- The Washington Times - Monday, November 18, 2013

A new cost-saving computer technology being implemented by the IRS has left the agency vulnerable to hacking, putting taxpayers’ info at risk, an investigative report has found.

“Virtual” servers, like other advances in cloud computing, allow several servers to run on a single physical host. It can save on money and electricity, tech experts say.

But although the IRS has developed cybersecurity guidelines, many of the servers aren’t following them, said a report by the agency’s internal watchdog, the Inspector General for Tax Administration.

In fact, the servers failed 43 percent of the tests investigators put them through, though they aren’t releasing what those tests and settings are due to security concerns.
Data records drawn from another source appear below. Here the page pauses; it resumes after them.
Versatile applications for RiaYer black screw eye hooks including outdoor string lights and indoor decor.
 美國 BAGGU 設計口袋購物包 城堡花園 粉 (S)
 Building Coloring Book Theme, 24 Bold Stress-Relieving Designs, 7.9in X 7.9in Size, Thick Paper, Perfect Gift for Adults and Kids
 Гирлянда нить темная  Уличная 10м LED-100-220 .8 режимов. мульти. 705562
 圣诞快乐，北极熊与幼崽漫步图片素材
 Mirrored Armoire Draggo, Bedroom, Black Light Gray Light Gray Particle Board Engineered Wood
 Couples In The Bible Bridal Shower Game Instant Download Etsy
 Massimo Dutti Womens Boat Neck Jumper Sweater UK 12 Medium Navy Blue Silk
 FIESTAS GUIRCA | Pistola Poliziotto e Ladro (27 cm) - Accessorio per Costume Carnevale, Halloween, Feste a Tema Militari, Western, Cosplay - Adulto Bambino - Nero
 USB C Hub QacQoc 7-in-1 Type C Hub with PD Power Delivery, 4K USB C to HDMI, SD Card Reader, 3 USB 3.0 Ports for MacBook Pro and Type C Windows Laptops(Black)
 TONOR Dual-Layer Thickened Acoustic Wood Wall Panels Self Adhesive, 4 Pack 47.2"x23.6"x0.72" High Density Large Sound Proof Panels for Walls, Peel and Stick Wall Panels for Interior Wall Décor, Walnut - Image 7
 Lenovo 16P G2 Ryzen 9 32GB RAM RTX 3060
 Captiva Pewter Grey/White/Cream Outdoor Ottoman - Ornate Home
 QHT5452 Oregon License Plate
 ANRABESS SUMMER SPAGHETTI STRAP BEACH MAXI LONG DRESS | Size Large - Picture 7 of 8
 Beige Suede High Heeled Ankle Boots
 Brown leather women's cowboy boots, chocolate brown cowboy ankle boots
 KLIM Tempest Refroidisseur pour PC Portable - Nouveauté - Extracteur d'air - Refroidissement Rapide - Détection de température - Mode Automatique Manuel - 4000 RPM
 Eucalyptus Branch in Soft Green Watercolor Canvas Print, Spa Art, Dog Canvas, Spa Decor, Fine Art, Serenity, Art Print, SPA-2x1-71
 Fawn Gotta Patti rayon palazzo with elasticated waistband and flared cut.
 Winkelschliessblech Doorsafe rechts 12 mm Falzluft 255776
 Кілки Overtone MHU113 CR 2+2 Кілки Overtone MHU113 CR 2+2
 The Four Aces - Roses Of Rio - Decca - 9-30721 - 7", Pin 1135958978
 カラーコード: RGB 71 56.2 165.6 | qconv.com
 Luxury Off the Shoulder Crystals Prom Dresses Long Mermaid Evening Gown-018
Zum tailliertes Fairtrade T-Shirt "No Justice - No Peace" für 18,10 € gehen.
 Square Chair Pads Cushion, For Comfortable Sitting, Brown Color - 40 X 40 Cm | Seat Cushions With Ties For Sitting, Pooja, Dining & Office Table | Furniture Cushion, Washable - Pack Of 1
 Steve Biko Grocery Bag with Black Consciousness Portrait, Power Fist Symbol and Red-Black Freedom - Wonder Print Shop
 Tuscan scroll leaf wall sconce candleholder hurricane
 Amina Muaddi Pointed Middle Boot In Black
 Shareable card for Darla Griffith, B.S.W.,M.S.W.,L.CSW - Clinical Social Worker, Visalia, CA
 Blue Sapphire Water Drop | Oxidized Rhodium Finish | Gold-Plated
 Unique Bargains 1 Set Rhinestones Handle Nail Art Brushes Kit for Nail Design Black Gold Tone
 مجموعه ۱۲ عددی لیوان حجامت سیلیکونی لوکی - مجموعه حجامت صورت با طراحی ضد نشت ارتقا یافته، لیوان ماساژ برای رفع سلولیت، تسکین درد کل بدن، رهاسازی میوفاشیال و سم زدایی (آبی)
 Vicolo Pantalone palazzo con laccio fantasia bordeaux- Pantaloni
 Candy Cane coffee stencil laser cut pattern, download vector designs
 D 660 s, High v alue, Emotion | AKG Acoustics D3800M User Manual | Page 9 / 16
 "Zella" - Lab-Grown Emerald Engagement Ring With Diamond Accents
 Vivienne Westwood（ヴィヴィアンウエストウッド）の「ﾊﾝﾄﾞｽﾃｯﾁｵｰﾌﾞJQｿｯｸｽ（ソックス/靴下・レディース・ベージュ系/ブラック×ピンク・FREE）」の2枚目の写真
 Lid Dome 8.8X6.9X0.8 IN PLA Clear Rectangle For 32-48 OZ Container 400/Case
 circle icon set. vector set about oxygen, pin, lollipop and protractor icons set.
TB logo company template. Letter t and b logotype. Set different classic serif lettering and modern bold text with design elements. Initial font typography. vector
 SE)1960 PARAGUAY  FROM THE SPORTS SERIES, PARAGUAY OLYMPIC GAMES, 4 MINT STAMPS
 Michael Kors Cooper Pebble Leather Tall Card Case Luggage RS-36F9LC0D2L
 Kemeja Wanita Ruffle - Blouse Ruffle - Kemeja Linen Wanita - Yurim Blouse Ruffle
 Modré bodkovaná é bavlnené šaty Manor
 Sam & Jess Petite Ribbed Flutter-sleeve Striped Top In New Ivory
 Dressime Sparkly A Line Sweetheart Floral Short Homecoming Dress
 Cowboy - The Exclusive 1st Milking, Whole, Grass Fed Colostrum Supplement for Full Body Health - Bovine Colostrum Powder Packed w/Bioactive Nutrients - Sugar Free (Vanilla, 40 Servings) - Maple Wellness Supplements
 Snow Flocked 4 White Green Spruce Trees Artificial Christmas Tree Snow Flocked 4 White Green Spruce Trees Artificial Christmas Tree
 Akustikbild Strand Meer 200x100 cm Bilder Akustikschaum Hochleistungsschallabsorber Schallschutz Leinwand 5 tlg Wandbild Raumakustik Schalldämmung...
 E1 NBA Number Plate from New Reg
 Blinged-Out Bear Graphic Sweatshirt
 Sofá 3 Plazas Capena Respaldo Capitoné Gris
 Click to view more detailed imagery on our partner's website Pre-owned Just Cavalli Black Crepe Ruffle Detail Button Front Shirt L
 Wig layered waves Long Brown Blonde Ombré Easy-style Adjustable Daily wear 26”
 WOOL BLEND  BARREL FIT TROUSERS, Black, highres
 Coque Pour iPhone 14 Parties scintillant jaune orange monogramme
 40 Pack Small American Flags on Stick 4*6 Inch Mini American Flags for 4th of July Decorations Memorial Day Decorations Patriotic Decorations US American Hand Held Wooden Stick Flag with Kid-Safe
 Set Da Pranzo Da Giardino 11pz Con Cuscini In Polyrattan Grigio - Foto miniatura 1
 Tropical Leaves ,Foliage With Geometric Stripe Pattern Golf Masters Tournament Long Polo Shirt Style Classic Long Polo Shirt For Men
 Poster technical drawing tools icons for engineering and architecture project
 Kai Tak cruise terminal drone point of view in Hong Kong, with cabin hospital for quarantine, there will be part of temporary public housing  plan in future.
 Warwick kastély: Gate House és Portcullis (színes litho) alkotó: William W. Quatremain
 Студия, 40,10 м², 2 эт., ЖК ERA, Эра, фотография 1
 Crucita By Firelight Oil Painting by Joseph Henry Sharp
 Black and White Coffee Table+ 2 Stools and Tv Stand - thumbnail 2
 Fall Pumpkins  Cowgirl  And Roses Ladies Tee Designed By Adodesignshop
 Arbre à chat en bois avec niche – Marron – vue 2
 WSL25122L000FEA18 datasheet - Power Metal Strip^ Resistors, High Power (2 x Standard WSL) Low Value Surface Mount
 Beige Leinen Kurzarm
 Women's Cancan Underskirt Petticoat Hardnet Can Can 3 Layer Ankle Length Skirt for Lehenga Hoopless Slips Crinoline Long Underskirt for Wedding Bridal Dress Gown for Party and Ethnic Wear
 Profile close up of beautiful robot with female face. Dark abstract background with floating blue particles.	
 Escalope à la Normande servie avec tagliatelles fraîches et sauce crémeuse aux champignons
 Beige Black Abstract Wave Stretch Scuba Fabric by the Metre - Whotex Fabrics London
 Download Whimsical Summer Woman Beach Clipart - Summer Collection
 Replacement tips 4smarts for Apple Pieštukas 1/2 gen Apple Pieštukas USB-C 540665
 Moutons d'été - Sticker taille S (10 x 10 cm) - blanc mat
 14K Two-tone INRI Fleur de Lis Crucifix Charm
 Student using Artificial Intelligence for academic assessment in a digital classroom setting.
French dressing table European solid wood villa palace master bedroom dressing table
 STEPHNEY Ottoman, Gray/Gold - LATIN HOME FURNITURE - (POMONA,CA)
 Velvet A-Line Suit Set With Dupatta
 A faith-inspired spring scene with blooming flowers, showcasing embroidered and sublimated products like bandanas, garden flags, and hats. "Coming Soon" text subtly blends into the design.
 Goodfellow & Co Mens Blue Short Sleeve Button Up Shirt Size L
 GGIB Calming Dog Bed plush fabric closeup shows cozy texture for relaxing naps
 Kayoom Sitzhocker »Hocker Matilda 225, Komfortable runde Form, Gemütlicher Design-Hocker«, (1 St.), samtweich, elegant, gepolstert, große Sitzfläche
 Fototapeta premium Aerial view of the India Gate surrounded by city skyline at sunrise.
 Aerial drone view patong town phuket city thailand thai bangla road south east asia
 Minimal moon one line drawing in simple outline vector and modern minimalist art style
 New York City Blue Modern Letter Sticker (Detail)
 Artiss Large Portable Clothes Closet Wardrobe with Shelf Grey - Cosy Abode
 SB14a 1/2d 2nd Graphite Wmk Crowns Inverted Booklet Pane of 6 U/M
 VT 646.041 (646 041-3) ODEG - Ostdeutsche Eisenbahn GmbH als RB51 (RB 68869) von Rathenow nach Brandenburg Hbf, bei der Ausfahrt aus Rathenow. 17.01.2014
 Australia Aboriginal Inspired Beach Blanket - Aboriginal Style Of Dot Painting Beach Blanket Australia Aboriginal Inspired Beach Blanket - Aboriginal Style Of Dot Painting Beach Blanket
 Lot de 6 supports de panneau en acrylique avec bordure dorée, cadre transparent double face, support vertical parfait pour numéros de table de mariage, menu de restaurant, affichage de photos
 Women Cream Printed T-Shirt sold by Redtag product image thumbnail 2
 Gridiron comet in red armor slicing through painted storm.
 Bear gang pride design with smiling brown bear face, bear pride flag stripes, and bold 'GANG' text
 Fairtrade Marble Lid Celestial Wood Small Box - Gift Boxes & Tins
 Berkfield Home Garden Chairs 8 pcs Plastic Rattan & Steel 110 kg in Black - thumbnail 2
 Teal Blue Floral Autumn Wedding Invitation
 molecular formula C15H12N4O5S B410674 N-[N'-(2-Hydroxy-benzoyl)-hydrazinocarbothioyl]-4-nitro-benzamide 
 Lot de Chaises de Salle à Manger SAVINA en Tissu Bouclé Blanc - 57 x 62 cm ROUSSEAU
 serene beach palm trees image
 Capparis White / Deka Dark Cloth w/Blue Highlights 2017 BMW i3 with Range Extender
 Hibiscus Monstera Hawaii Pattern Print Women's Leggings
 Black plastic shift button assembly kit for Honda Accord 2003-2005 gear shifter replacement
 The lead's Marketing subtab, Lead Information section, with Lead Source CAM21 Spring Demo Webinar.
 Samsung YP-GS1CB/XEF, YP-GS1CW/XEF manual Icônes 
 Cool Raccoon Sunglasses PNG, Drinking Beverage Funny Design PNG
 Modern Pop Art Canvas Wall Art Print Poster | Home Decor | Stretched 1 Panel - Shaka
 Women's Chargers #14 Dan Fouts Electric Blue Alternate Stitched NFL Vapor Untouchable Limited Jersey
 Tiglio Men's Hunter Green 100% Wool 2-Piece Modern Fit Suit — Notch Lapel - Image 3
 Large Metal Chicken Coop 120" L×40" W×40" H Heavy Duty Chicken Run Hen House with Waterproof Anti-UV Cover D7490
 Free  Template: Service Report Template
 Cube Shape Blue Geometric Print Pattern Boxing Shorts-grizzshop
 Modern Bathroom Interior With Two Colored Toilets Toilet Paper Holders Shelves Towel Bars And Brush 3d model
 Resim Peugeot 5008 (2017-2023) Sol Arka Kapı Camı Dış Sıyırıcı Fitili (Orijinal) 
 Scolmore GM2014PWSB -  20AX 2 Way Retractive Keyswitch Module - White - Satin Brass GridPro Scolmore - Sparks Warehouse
Although the IRS Virtualization Project Office “has established processes to monitor its virtual infrastructure, we found that security configuration settings on hosts were not in accordance with IRS policy,” the IG said.

The potential for abuse could be much greater than in the past. The IG said that if hackers are able to breach one physical server, they could potentially have access to the information stored on all the virtual servers on that machine, too.

The IRS said some security practices have been temporarily placed on hold while they complete the upgrade.

“Because of the dynamic nature of such a major upgrade, we suspended some of our routine support practices and focused our resources on completing our upgrades in as short a time as possible,” a response from the agency said. “Once the upgrade is complete, we will not only resume our practices, but will also implement improvements to our support practices.”

Putting multiple virtual servers on a single physical one has allowed the IRS to save millions on hardware and upkeep. The agency currently has 5,399 virtual servers on 328 real ones, and estimates it is saving $51 million on costs.

But investigators also found that 63 percent of the servers were missing critical update patches. They also contended that records of the audits and evaluations of the systems were not properly tracked.